● Required action: Using the records below, return exactly the lines from the one containing "Lilycute Auroras Effect" through the last, and omit pictures.

======== Working data ========

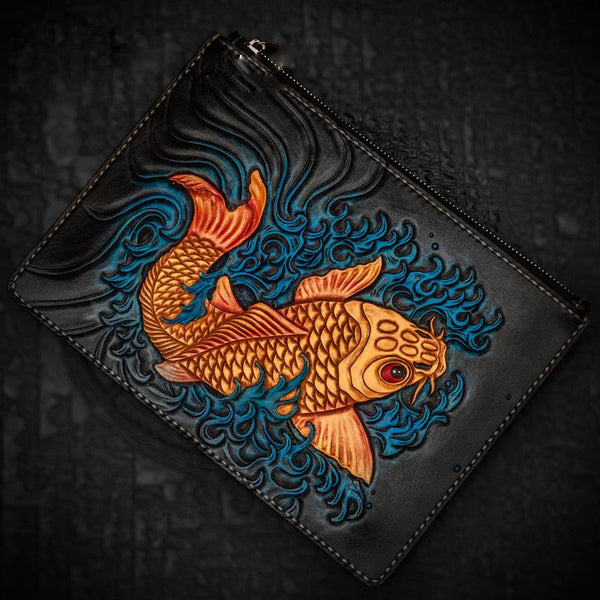 Handmade Leather Carp Tooled Wristlet Bag iPad Bag Mens Cool Leather Wallet Long Clutch for Men - imessengerbags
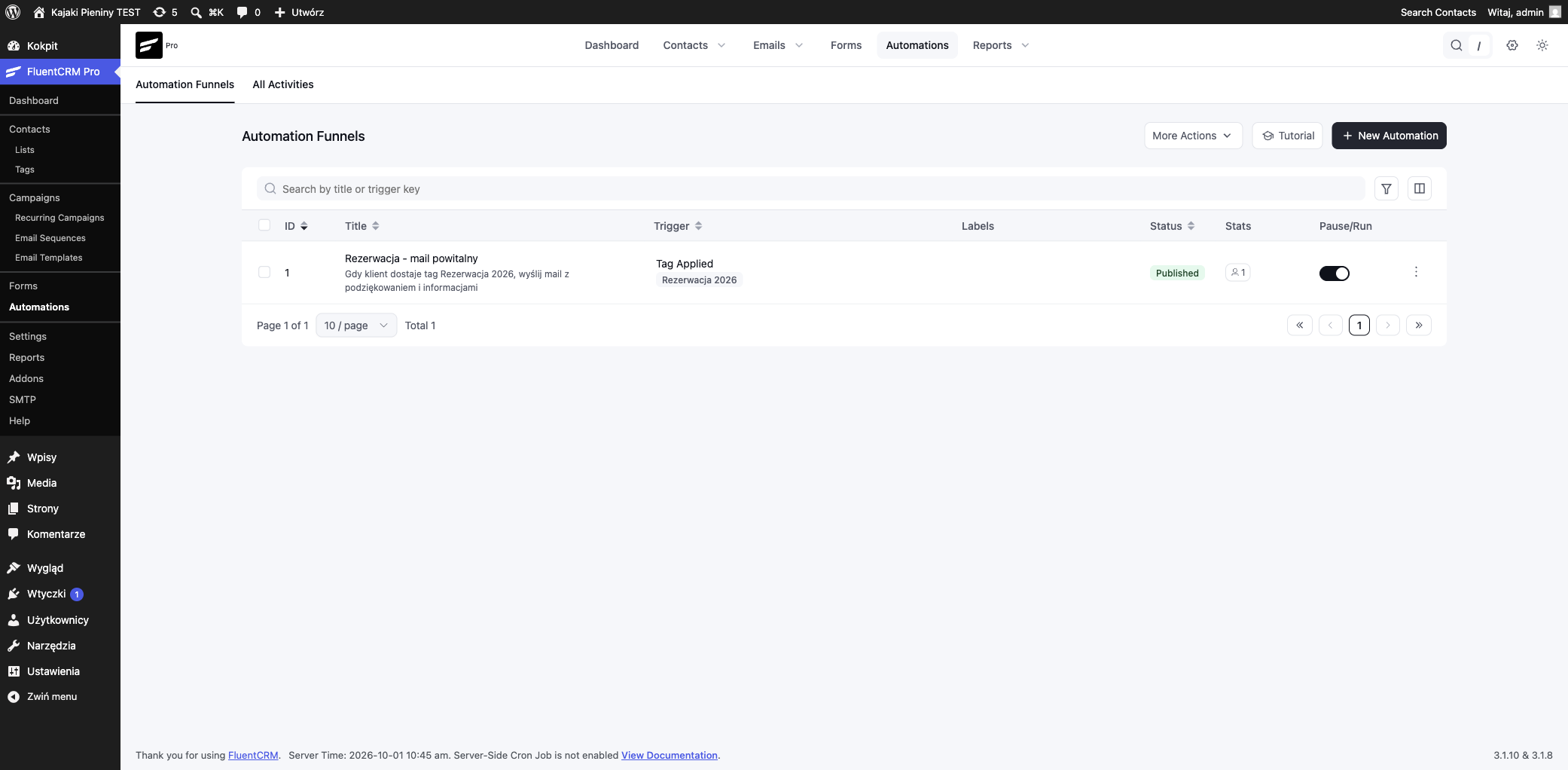 Lista automatyzacji w FluentCRM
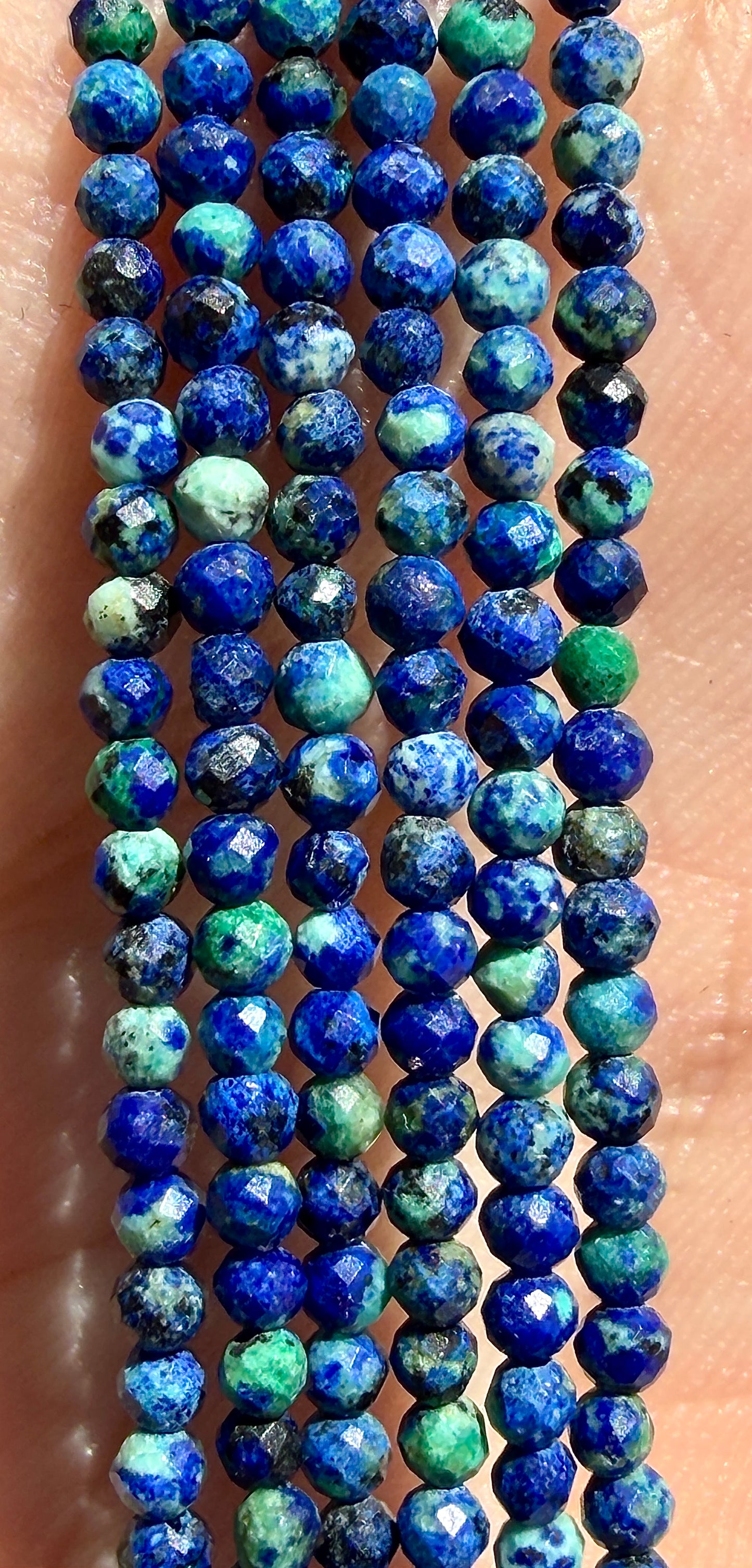 6 PCs 2mm Faceted Natural Chrysocolla Necklace Stainless Steel Finding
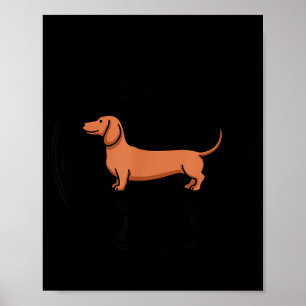 Poster Dachshund engraçado wiener cachorro longo clube ra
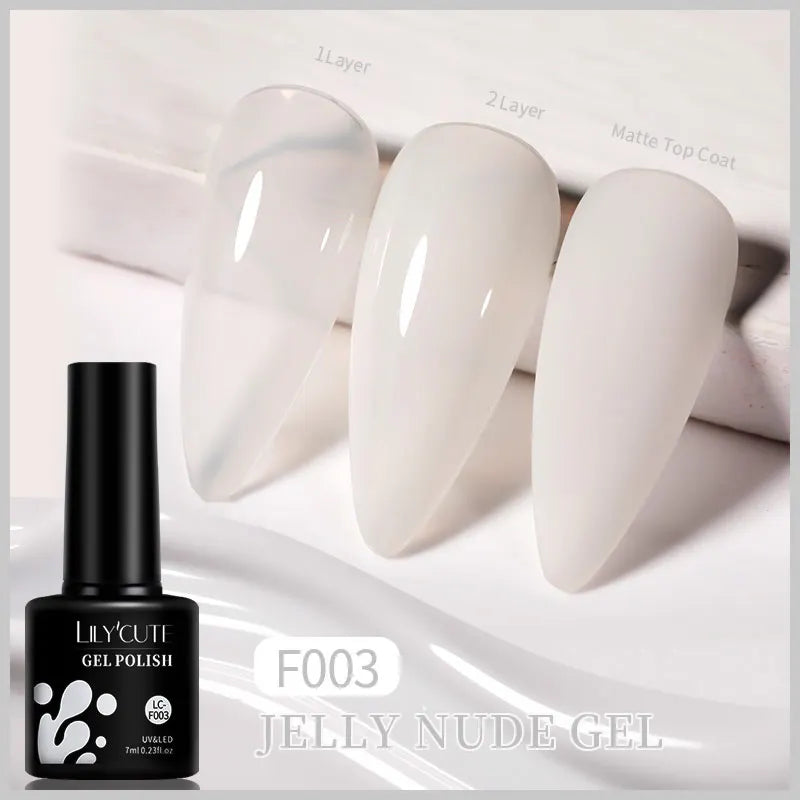 Lilycute Auroras Effect Gel Nail Polish Top Coat Summer Purple Spar Glitter Laser Semi Permanent Soak Off Nail Art Gel Varnish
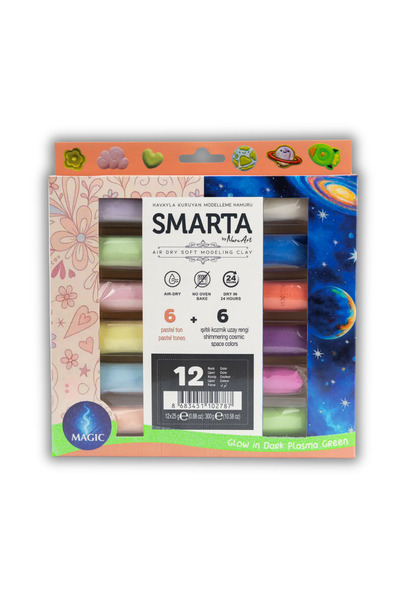 Smarta 12'Lİ MAGİC HAVA İLE KURUYAN MODELLEME HAMURU KİL (6 SOFT + 6 KOZMİK) ...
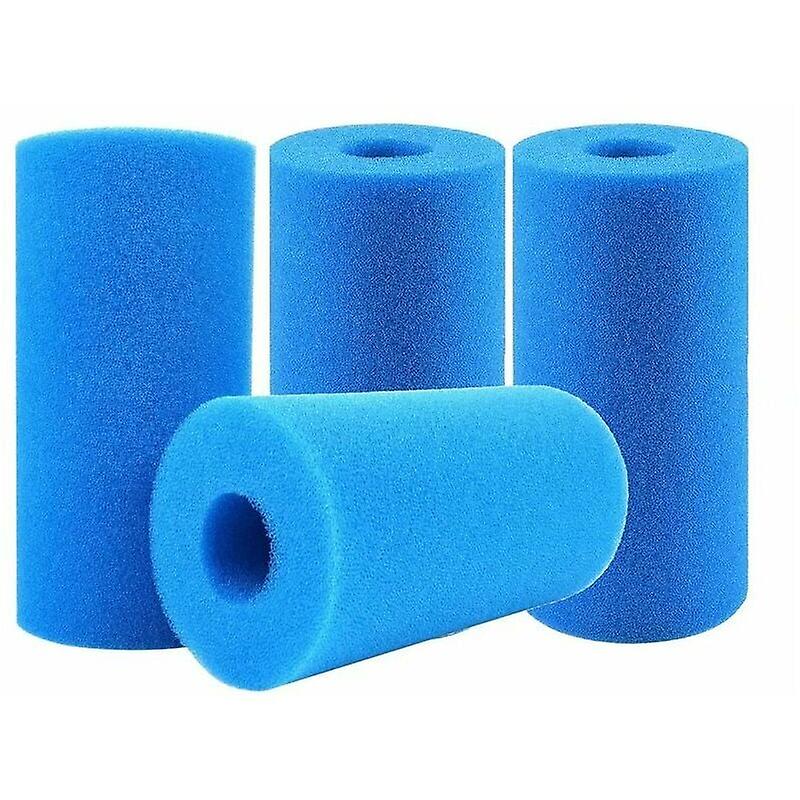 4 Pieces Filter Sponge,Pool Filter,Pool Filter Foam,Filter Sponge,Reusable and Washable Cartridge Filter Sponge,for Spa,Swimming Pool,Jacuzzi (Blue,1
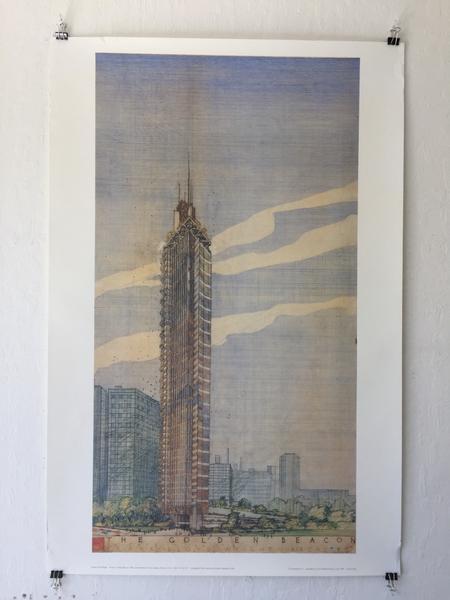 Frank Lloyd Wright - “Golden Beacon” Office + Apartment Building Chicago (Poster)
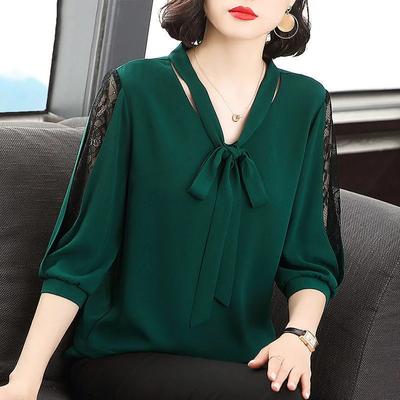 Hauts Blouses Femme Printemps Été Manches Demi-Dentelle Style Décontracté Col Cravate Nœud Ample Blouses Hauts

========

● Result for this task:
 Lilycute Auroras Effect Gel Nail Polish Top Coat Summer Purple Spar Glitter Laser Semi Permanent Soak Off Nail Art Gel Varnish
 Smarta 12'Lİ MAGİC HAVA İLE KURUYAN MODELLEME HAMURU KİL (6 SOFT + 6 KOZMİK) ...
 4 Pieces Filter Sponge,Pool Filter,Pool Filter Foam,Filter Sponge,Reusable and Washable Cartridge Filter Sponge,for Spa,Swimming Pool,Jacuzzi (Blue,1
 Frank Lloyd Wright - “Golden Beacon” Office + Apartment Building Chicago (Poster)
 Hauts Blouses Femme Printemps Été Manches Demi-Dentelle Style Décontracté Col Cravate Nœud Ample Blouses Hauts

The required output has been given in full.